When we think of music festivals, we tend to place them into two distinct categories. First, there are the historic events—like Woodstock—that defined an era and live on through rose-tinted nostalgia. Then, there are the modern events, the festivals we flock to each summer. But one festival stands apart, bridging both worlds as the longest-running music festival in history.

Undeniably, festivals look very different now. To survive, they generally have to be backed by brands, filling festival fields with big advertising marquees to fun the expensive process of putting on an event like that, booking acts and keeping up with the marketing rigmarole that festival season now involves. 

Looking back at footage of events like Woodstock or Monterey Pop Festival, that’s part of the reason why these events have become so romanticised. They feel like beacons of the ‘good old days’ when music was independent and hearing it live was often free. We think of festivals from this era as community happenings where music fans and artists alike came together to allow these moments to happen, helping each other out to make it work and take care of one another.

They’re remembered through beautiful images like the couple hugging in the Woodstock crowd of people dancing and having a good time before mobile phones made crowds a digital tea. Not just that, inflation has made tickets eye-wateringly expensive, and modern standards of health and safety even mean that each and every detail of a public gathering has to be meticulously planned and run by some kind of organisational body to meet their standards.

The festivals we go to now feel a far cry from those old ones, but music fans have ever since looked back on them with rose-tinted glasses on, yearning to have been born a few decades earlier to be able to take part in a historical moment or be part of a historical crowd.

But for ticket holders to one particular festival, which is still held annually each summer, that can still come true. As one of the only festivals that has endured from those days through to today, it’s now the longest-running music festival out there, and each year, those in the audience are taking part in its long and still-evolving history.

What is the longest-running music festival?

The answer is Pinkpop, a festival held in Landgraaf, in the Netherlands, each year on Pentecost weekend.

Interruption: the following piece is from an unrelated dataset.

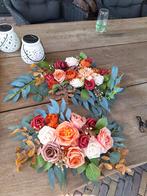 Bloemstuk Kunstbloemen - Backdrop, Welkomstbord, Decoratie, Ophalen of Verzenden, Nieuw, Binnen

That means that the date changes year on year as it takes place on the weekend that comes 50 days after Easter. So, each year, it’ll be sometime between May and June, but it has happened every year since the 1970s.

The festival first began in 1970, one year before Glastonbury, which wouldn’t qualify either way as it isn’t held every year. By now, more than 2million people have attended the festival, which has evolved and grown each time around.

In the 55 years it has been running, artists like Fleetwood Mac, Happy Mondays, The Stooges, Bruce Springsteen, Lou Reed, Oasis, Paul McCartney, The Jam, The Rolling Stones, and hundreds more have graced their stage. Enduring through eras of music, from the rock and roll of the 1970s through the various sounds and chapters in music history, they’ve witnessed new legends emerge and rise on their stages.

Still running today, it’s a triumph and a true beacon of the enduring power of live music and people’s hunger for summer fun.